• Assigned task:
When the line containing "Frame — Photo & Video Theme + AI" is found in the data below, give it again along with every later line, exactly; drop the pictures.

• Material provided:
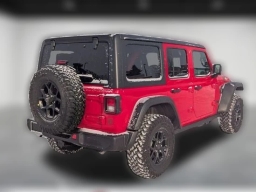 Jeep Wrangler Willys 4 Door 4x4 2026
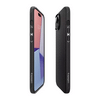 Spigen ACS08066 iPhone 16 Plus Szilikon tok, fekete Spigen ACS08066 iPhone 16 Plus Szilikon tok, fekete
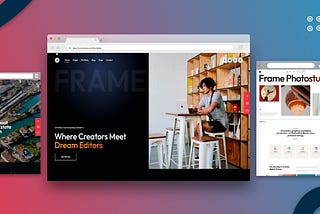 Frame — Photo & Video Theme + AI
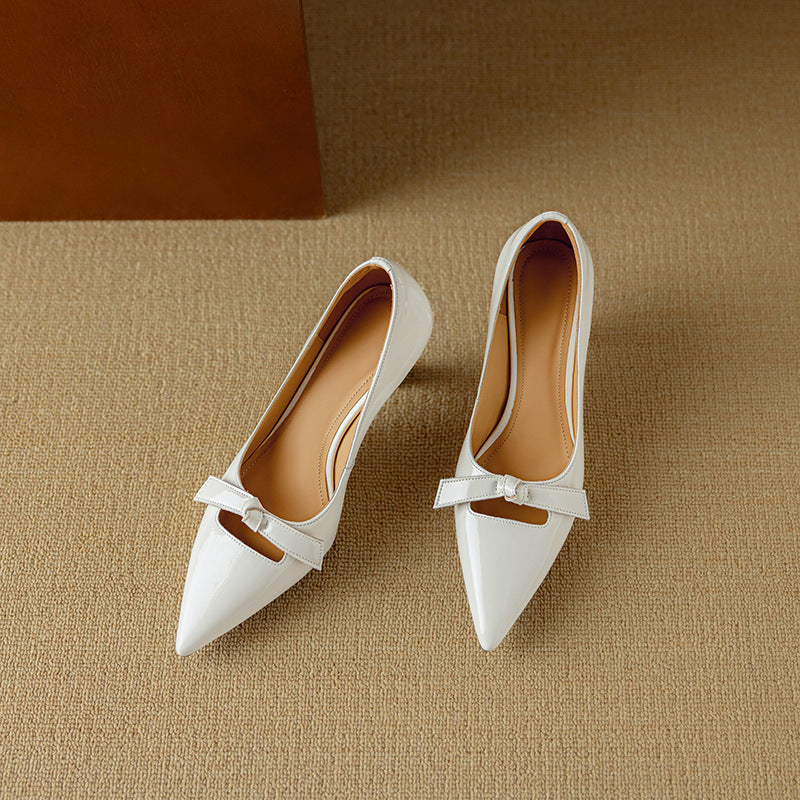 Elayna™ | Chic Pointed Pumps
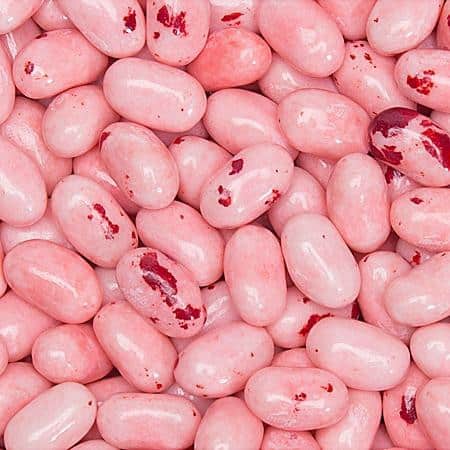 JELLY BELLY - Straw Cheesecake Beans 1kg Bags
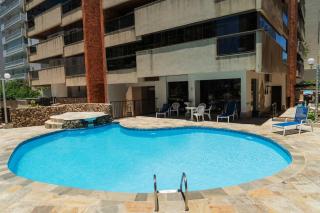 Varanda Gourmet, 3 quartos, 2 min da praia - 0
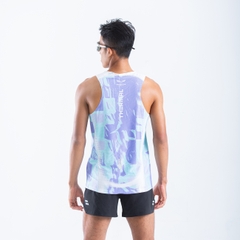 Áo Singlet Chạy Bộ Premium Wolf Active Cold Thermal W278, Siêu Nhẹ, Thiết Kế Cực Đẹp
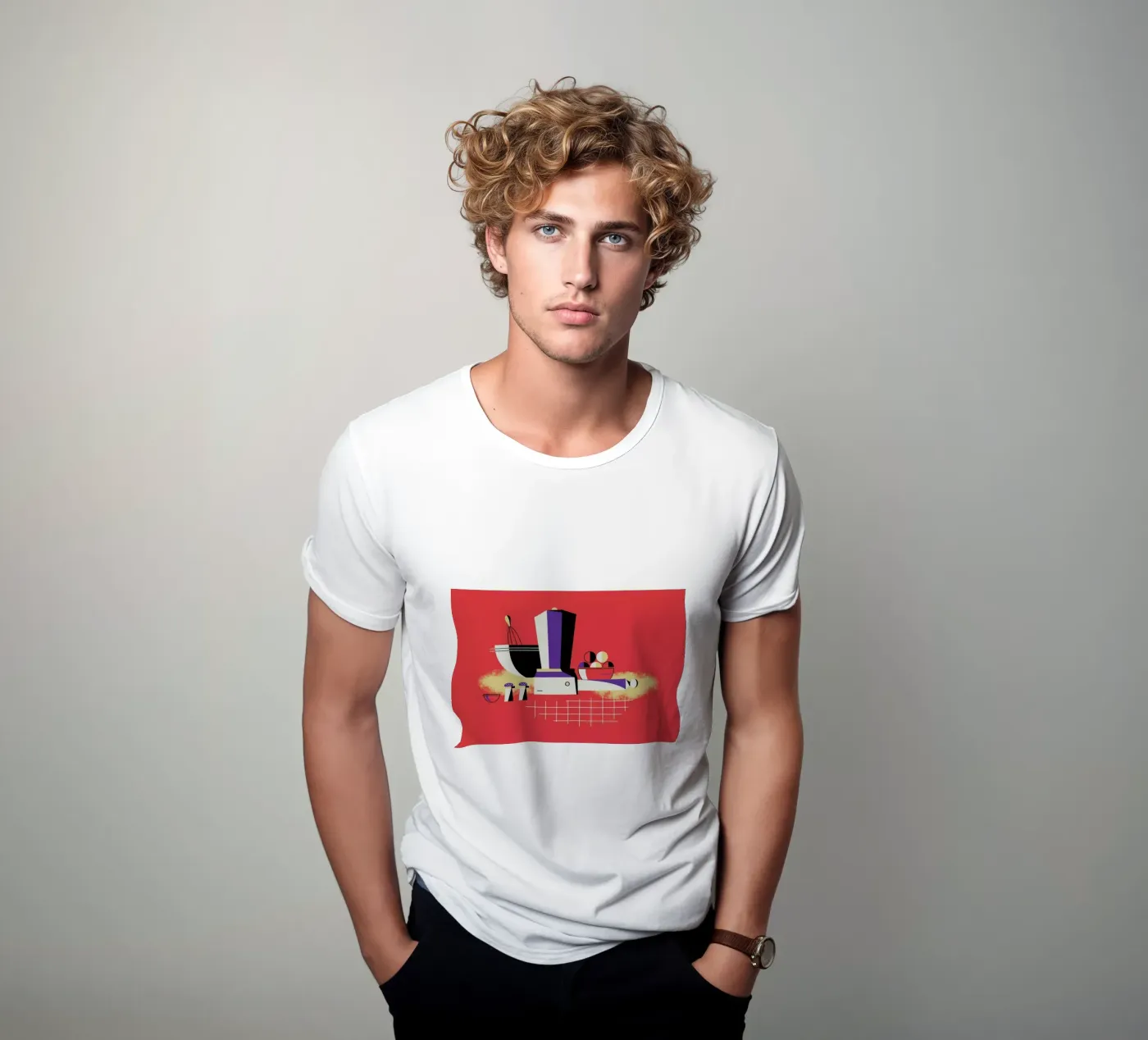 Chef t-shirt da Maz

• Solution to this task:
 Frame — Photo & Video Theme + AI
 Elayna™ | Chic Pointed Pumps
 JELLY BELLY - Straw Cheesecake Beans 1kg Bags
 Varanda Gourmet, 3 quartos, 2 min da praia - 0
 Áo Singlet Chạy Bộ Premium Wolf Active Cold Thermal W278, Siêu Nhẹ, Thiết Kế Cực Đẹp
 Chef t-shirt da Maz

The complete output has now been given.